Jack Paxton’s battered body was found floating in the tidal harbour at Cumberland Basin. His corpse was collected by the United States Air Force and he was shipped back to his home country. When his coffin arrived stateside, it was not draped with the American flag.
The body of Detective Constable David Martin and three other deceased American servicemen were found lying in various parts of Leigh Woods. All had died after receiving multiple gunshot wounds.
After a week of police searches along
the Avon Gorge and Leigh Woods, and the extensive dredging of large sections of the River Avon, my cousin Vic’s body was still not found. It was presumed that the tidal river had either washed his corpse further downstream or that the muddy waters of the Avon had taken him down into the deep silt and that his remains would perhaps never be found.

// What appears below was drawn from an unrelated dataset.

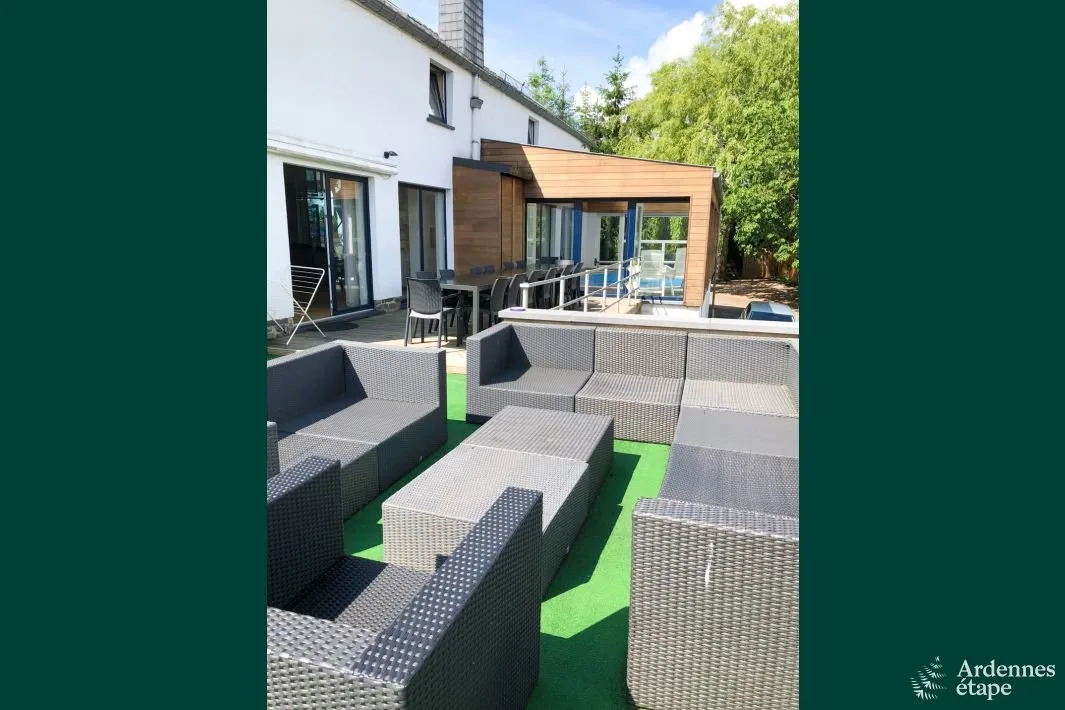 Le Loft — Agrandir la photo 5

The police made much of my cousin’s disappearance and presumed death. Here was a black man with a history of consorting with the city’s nefarious villains and crooks. A man who had connections to racketeering, theft and the handling of stolen goods, of trading on the black market and establishing properties for illicit behaviour, was an easy target for a police force who desperately wanted to pin a face to the crimes committed. Detective Inspector William Fletcher needed a suspect for the deaths of two of his police officers and four other American servicemen. It didn’t take him long to weigh all the evidence towards an obvious culprit: a man with a motive and criminal intent – my cousin, Victor Ellington.

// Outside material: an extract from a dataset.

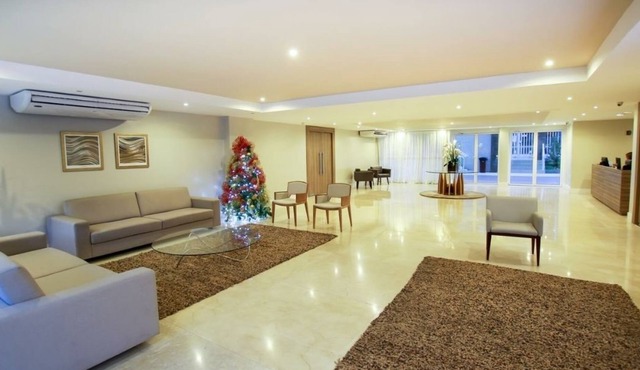 Sun Residence
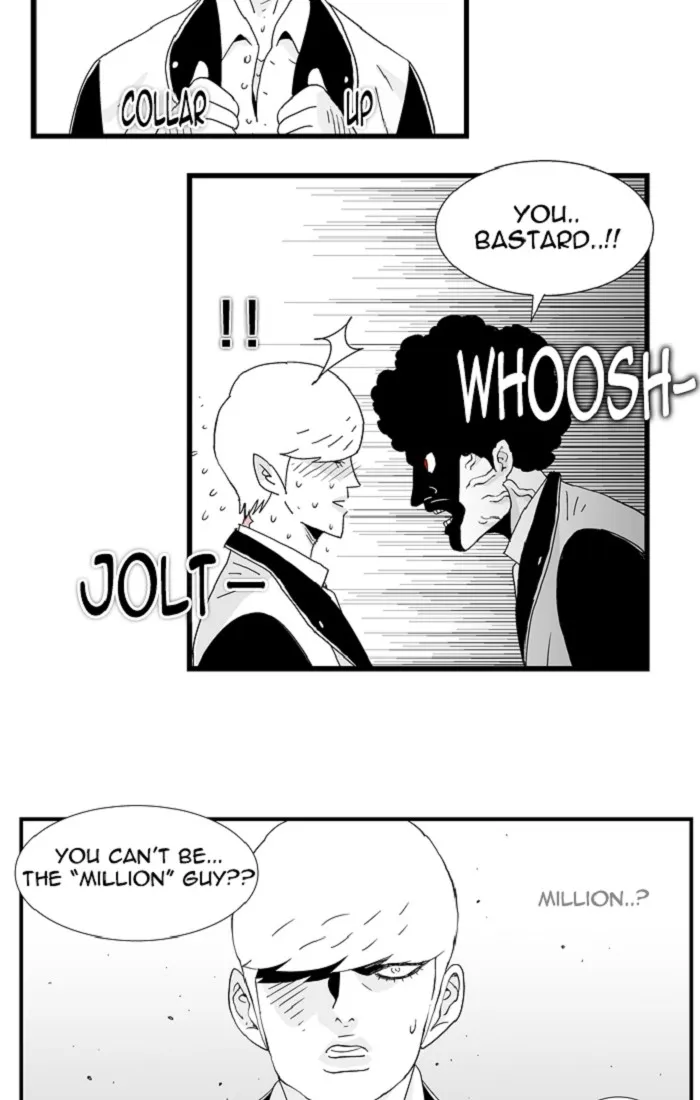 Hellper Chapter 91 page 33 -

Five days after being arrested I was released pending further police inquiries. Inquiries that subsequently saw me fail to be charged with any offence. To this very day, I don’t know how the hell I got away with it. I’d walked out of Bridewell police station with a nagging sensation deep in my gut, a suspicion inside of me that sensed that DI Fletcher knew I had been lying about the death of Truth. I never got to know why the wily old goat didn’t pursue a further line of inquiry into the matter. Perhaps he’d read between the lines of my partially fabricated story, and after uncovering all the misery caused at the Walter Wilkins orphanage he simply thought better of bringing down a little more heartache on another poor parentless child. At least that’s what I hoped he was thinking.